In a move that should have come sooner, LastPass has increased the minimum requirements for master password length. From now on, the minimum length of the master password of all users will be at least 12 characters. Longer passwords are certainly advised for greater protection of user profiles and better online security.
The changes come just one year after a terrible year for LastPass. In 2022, attackers managed to steal data from users. Although the data was in the hands of the attackers, it remained protected by the master password.
LastPass announced the change on January 2nd. Users who have passwords longer than 12 characters and additional security measures will not need to make additional changes. Others will receive a notification that they need to change their password. Starting next month, LastPass will also add functionality that will check if the master password is part of a known list of passwords published on the dark web.
Why is the security of master passwords so important?

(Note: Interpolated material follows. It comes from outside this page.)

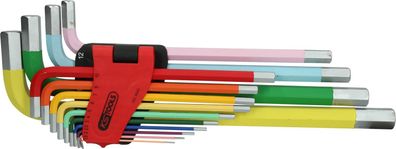 KS TOOLS Innensechskant-Winkelstiftschlüssel-Satz, extra lang, 14-tlg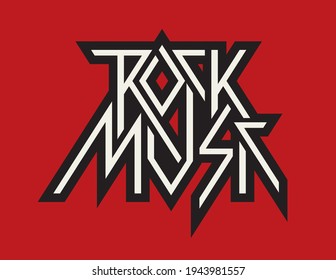Creative black and white stylized lettering Rock Music. Vector logo, emblem, label, badge or design element isolated on a red background. Cool print for t-shirt, tattoo or graffiti in modern style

The master password is a kind of a keeper of all the user “secrets” stored with password managers like LastPass. Adding longer complex passwords will make them harder to crack, thereby increasing users’ online security.
Better defense against brute force attacks
One of the favorite ways to crack passwords is by applying brute force. These attacks are hardly sophisticated; the attackers use software and checks all possible combinations of letters, numbers, and special characters, until they guess the correct password. This of course means that longer passwords are harder to crack. With a minimum of 12 characters, the number of potential combinations is significantly increased, which also improves security.

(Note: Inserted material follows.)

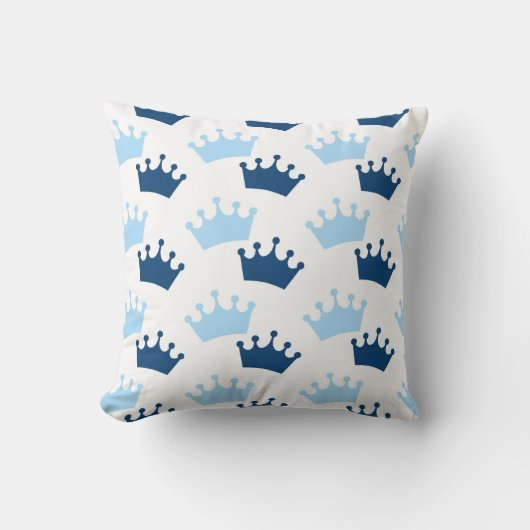 Blauw Koninklijke Kroon Sprookje Prins Verhalenboe Kussen (Voorkant)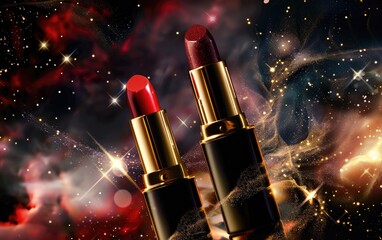 Wall Mural - Elegant Lipsticks Against Cosmic Background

The master password is the “key” that keeps all data safe in LastPass. By increasing the characters, an additional layer of protection is added. A secure master password has a significant impact on the security of the entire digital eco-system.
Compliance with the recommendations of security experts
Most security experts have criticized LastPass’s practice of allowing shorter passwords. The guidelines and recommendations from the National Institute of Standards and Technology are that passwords longer than 12 characters significantly add to the security of the passwords. Of course, nothing stopped LastPass users to create a longer password themselves, but now this becomes obligatory.

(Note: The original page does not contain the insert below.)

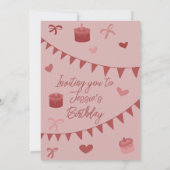 Red Bows, cakes and hearts Kaart (Achterkant)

What is the use of password managers?
Using password managers makes maintaining online security much easier. Proper usage and safe practices are key to maintaining online safety. Here are some benefits of using password managers:
Simplified password management
Password managers like LastPass make the often tedious task of managing numerous passwords easy. With the ability to generate and store complex passwords, users can provide unique passwords for each account and bypass the need to memorize them all. Using unique passwords is extremely important for maintaining security during mass breaches. In this case, users who have different passwords will have to change the password in one place. Others who use the same username and password combination everywhere may have more serious problems.
Integration of multi-factor authentication (MFA).
Most better password managers offer multi-factor authentication (MFA) features. This is an extra layer of security and adds an extra step to the login process. It significantly reduces the risk of unauthorized access even if the password is compromised.
Regular audits and updates of passwords
Probably everyone who has accounts on multiple services already knows how much of a headache it is to keep passwords safe. Password managers make it much easier to regularly review saved passwords. The biggest advantage is the identification of weak and reused passwords, but also notifications of passwords found in a database of cracked and discovered passwords.
LastPass’s latest policy with the 12-character password is the right step for better online security. This change significantly increases the online security of users in a period in which the number of attacks is increasing, as well as the sophistication of the attackers.